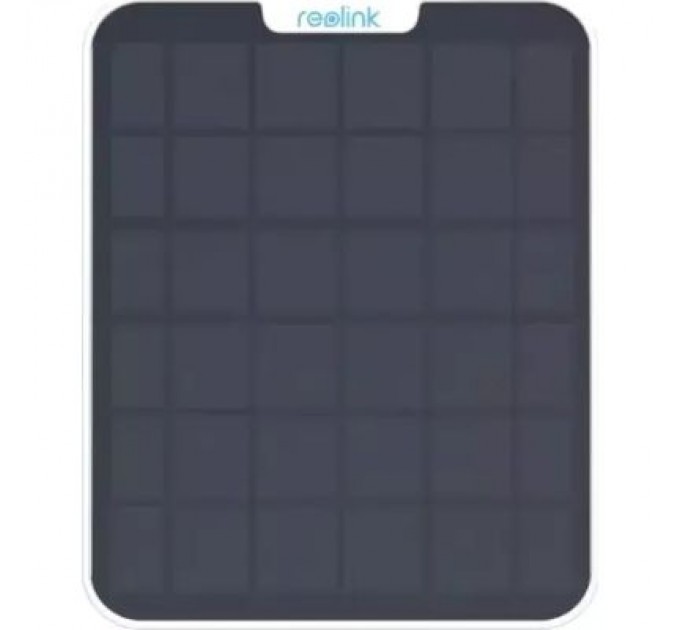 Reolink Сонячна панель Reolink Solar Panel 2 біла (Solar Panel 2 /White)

^^^^^^^^

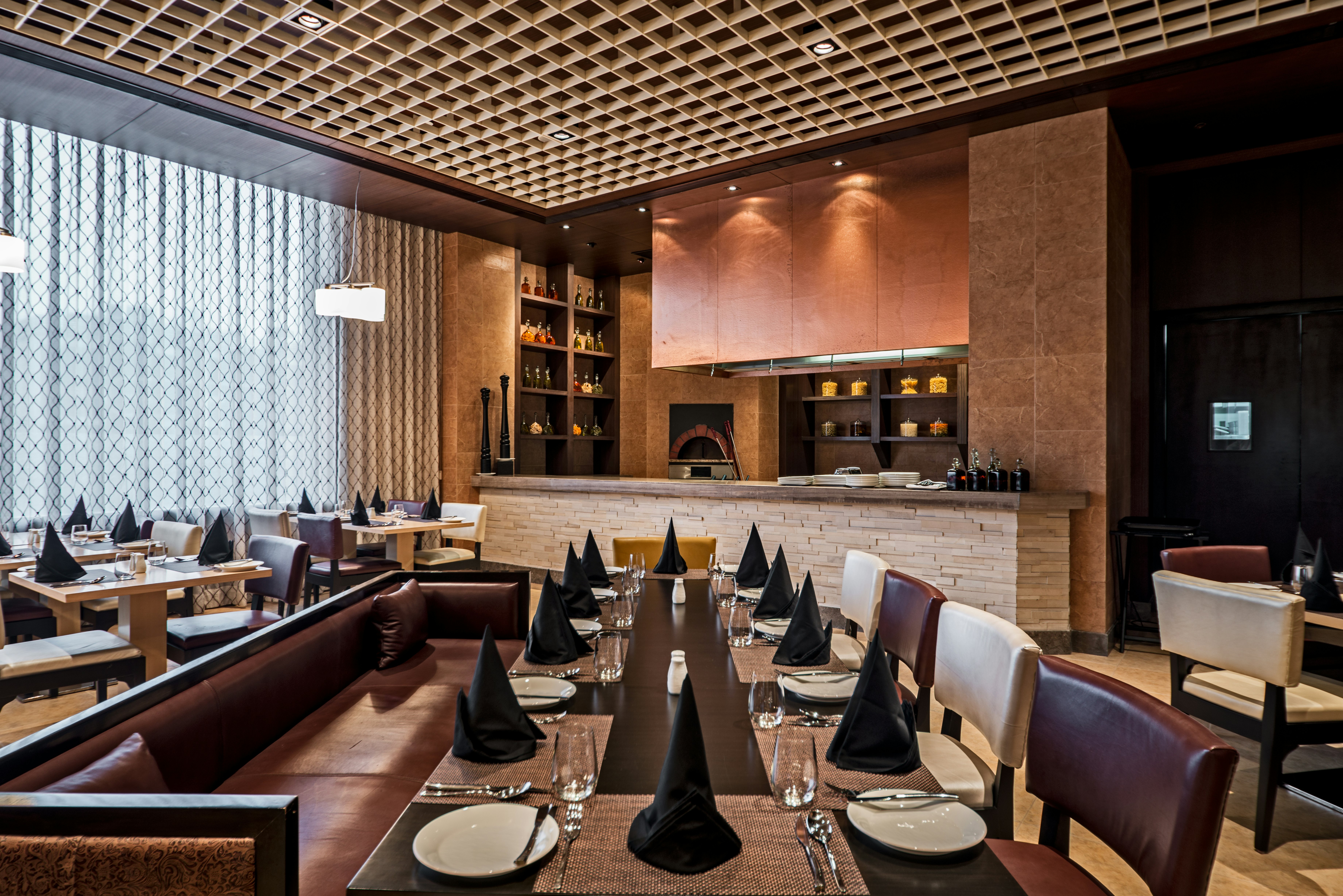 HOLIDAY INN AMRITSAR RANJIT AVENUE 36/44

^^^^^^^^

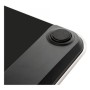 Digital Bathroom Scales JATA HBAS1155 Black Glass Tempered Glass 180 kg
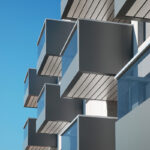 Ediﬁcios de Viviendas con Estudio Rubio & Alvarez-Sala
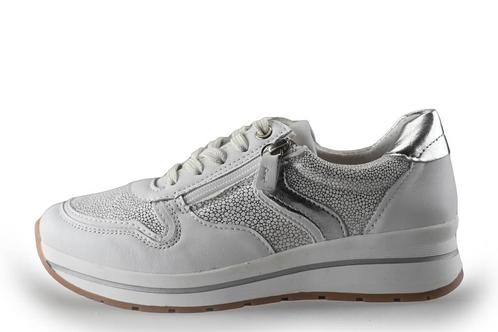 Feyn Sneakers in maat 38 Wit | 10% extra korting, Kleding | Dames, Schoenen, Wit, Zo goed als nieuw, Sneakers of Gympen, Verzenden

^^^^^^^^

> [Directions for this task]:
Please print the lines above word for word, starting at the one with "Digital Bathroom Scales" and ending at the one with "Feyn Sneakers in", both included, and without any picture.

> [Written answer]:
 Digital Bathroom Scales JATA HBAS1155 Black Glass Tempered Glass 180 kg
 Ediﬁcios de Viviendas con Estudio Rubio & Alvarez-Sala
 Feyn Sneakers in maat 38 Wit | 10% extra korting, Kleding | Dames, Schoenen, Wit, Zo goed als nieuw, Sneakers of Gympen, Verzenden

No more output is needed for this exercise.